From the data below, please reproduce exactly everything from the line that contains "Woman carrying a" down to the line that contains "Landscape of La", with both ends included.
■ ■ ■ ■
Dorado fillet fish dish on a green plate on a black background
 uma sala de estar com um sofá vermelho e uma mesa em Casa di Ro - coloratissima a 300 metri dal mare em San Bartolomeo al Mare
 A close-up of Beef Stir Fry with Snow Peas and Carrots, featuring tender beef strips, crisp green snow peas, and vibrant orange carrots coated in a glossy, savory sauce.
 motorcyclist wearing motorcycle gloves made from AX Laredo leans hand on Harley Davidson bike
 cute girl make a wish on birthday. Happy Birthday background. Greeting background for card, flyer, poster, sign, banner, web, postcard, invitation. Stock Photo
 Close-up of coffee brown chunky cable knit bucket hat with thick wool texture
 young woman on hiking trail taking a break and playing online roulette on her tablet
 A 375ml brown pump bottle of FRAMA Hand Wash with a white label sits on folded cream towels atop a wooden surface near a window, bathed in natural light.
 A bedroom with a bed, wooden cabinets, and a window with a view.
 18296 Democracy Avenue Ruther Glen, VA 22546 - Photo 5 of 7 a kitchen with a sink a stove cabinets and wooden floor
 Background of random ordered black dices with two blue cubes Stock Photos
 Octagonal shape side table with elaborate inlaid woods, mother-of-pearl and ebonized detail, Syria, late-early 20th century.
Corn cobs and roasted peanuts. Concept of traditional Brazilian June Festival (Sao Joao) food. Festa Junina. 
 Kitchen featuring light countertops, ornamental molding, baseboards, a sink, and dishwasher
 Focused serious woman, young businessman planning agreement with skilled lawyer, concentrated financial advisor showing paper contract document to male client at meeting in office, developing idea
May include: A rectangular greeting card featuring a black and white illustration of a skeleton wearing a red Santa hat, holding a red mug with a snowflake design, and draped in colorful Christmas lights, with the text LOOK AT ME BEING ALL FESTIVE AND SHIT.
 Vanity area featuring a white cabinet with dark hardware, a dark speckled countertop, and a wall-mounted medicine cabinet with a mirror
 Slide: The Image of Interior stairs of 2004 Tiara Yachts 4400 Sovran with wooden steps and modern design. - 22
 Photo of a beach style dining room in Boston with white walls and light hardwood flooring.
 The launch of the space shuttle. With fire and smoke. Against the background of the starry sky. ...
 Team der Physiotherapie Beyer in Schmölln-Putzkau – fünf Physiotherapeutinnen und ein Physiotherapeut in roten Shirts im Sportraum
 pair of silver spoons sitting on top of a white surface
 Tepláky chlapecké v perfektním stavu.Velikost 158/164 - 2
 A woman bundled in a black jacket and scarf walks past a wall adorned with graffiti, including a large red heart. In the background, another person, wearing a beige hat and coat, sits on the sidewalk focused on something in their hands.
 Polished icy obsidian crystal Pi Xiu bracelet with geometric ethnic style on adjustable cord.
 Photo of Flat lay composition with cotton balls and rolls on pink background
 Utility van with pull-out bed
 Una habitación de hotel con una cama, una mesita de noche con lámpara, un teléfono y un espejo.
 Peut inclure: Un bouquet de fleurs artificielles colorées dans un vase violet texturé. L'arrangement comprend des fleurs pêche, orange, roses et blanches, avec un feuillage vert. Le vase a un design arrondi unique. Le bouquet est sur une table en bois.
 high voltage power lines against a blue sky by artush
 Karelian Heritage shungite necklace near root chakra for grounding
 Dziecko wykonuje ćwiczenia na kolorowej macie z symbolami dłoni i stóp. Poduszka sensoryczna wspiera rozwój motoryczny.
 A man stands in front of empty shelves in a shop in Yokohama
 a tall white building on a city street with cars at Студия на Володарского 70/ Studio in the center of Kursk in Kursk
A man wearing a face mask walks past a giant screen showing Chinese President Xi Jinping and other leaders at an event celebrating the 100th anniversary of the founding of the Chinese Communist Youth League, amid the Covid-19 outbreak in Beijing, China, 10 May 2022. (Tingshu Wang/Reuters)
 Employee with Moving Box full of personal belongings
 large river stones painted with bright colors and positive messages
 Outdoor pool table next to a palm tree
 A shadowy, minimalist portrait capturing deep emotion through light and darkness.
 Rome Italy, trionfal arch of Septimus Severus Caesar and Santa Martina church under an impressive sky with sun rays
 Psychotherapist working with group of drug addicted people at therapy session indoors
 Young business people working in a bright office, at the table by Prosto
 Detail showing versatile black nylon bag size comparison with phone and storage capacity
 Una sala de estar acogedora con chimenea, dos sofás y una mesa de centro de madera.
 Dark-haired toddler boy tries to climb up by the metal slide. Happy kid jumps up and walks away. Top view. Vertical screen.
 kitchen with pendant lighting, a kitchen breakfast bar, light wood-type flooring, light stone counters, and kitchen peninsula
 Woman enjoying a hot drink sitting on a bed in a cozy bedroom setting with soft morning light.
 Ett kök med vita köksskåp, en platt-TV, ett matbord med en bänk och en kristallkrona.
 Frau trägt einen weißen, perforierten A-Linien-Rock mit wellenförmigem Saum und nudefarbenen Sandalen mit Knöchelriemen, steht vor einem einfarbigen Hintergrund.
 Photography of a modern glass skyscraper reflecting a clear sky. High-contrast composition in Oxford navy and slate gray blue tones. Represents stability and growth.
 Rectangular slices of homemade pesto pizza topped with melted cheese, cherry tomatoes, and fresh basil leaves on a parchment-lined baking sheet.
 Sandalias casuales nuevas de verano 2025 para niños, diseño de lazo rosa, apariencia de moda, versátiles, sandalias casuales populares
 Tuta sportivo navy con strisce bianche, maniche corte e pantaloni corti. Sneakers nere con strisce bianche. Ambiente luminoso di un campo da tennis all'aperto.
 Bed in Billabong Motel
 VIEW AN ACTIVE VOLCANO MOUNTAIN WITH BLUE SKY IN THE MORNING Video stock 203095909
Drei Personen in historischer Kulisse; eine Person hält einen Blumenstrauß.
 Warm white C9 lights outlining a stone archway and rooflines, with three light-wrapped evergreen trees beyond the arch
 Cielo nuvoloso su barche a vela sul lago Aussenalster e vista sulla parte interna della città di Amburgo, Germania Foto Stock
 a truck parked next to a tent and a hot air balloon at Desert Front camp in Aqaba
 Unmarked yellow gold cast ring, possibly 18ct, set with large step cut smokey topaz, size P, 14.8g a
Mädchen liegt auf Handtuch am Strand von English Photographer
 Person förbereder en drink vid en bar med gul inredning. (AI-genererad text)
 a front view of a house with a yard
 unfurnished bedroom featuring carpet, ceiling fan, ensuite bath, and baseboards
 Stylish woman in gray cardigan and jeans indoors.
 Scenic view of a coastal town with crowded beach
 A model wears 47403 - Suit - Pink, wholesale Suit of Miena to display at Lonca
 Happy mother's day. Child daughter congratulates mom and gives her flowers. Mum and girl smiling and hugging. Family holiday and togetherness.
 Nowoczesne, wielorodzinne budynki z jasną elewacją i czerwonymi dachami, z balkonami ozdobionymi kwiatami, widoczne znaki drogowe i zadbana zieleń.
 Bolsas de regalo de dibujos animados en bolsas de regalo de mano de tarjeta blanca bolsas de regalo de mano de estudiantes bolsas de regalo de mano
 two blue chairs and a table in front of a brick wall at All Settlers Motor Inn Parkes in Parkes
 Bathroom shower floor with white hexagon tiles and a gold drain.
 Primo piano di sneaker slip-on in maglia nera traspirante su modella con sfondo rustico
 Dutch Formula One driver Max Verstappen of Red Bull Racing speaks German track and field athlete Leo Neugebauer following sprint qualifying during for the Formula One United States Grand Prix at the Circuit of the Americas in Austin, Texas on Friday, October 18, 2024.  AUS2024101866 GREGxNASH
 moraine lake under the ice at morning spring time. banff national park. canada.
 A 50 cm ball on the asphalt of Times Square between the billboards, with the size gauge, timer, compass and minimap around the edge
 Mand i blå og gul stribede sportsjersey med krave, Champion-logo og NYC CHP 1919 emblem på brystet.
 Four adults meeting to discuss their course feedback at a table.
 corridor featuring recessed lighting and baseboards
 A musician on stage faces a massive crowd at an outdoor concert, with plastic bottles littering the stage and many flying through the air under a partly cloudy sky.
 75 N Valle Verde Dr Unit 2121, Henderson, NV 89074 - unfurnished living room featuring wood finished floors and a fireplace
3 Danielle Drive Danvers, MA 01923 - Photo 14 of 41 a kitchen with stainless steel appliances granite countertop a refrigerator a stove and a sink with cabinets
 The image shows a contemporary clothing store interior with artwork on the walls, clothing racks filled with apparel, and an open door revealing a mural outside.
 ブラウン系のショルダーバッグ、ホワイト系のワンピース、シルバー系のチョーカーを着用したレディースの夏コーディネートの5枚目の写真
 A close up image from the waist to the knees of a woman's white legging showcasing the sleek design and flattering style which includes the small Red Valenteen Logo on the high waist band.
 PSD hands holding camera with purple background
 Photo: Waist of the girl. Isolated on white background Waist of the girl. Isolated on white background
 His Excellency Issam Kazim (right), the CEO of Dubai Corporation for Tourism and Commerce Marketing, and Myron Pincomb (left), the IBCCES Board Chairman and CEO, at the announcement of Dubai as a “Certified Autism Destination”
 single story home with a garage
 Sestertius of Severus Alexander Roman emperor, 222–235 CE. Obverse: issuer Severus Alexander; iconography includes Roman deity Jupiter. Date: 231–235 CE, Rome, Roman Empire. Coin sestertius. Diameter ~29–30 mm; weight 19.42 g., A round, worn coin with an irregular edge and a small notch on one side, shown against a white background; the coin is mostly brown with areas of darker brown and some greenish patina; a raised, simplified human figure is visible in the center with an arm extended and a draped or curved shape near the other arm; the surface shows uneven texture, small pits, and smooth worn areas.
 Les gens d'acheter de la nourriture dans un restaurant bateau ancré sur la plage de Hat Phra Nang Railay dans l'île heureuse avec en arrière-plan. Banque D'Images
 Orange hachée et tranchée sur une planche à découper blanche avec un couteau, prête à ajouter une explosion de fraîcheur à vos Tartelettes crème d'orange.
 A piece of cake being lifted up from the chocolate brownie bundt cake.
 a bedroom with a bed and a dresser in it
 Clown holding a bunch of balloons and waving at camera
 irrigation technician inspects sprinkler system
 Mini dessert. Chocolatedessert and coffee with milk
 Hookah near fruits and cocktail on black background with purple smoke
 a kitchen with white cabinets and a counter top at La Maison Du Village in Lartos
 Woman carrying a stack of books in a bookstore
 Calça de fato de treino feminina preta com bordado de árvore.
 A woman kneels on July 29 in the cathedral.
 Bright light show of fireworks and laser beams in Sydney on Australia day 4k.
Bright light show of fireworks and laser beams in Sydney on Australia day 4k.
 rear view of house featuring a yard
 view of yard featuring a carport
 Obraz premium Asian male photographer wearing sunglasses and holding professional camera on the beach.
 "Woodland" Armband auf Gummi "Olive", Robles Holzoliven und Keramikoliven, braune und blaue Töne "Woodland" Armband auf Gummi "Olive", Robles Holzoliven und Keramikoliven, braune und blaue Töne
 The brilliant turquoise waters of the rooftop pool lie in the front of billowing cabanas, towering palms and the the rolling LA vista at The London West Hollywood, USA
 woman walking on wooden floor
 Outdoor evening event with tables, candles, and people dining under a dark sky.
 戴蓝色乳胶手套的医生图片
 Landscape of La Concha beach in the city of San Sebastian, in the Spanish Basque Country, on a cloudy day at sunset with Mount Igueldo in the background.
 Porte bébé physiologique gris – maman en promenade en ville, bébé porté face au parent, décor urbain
■ ■ ■ ■
> [Answer box]:
 Woman carrying a stack of books in a bookstore
 Calça de fato de treino feminina preta com bordado de árvore.
 A woman kneels on July 29 in the cathedral.
 Bright light show of fireworks and laser beams in Sydney on Australia day 4k.
Bright light show of fireworks and laser beams in Sydney on Australia day 4k.
 rear view of house featuring a yard
 view of yard featuring a carport
 Obraz premium Asian male photographer wearing sunglasses and holding professional camera on the beach.
 "Woodland" Armband auf Gummi "Olive", Robles Holzoliven und Keramikoliven, braune und blaue Töne "Woodland" Armband auf Gummi "Olive", Robles Holzoliven und Keramikoliven, braune und blaue Töne
 The brilliant turquoise waters of the rooftop pool lie in the front of billowing cabanas, towering palms and the the rolling LA vista at The London West Hollywood, USA
 woman walking on wooden floor
 Outdoor evening event with tables, candles, and people dining under a dark sky.
 戴蓝色乳胶手套的医生图片
 Landscape of La Concha beach in the city of San Sebastian, in the Spanish Basque Country, on a cloudy day at sunset with Mount Igueldo in the background.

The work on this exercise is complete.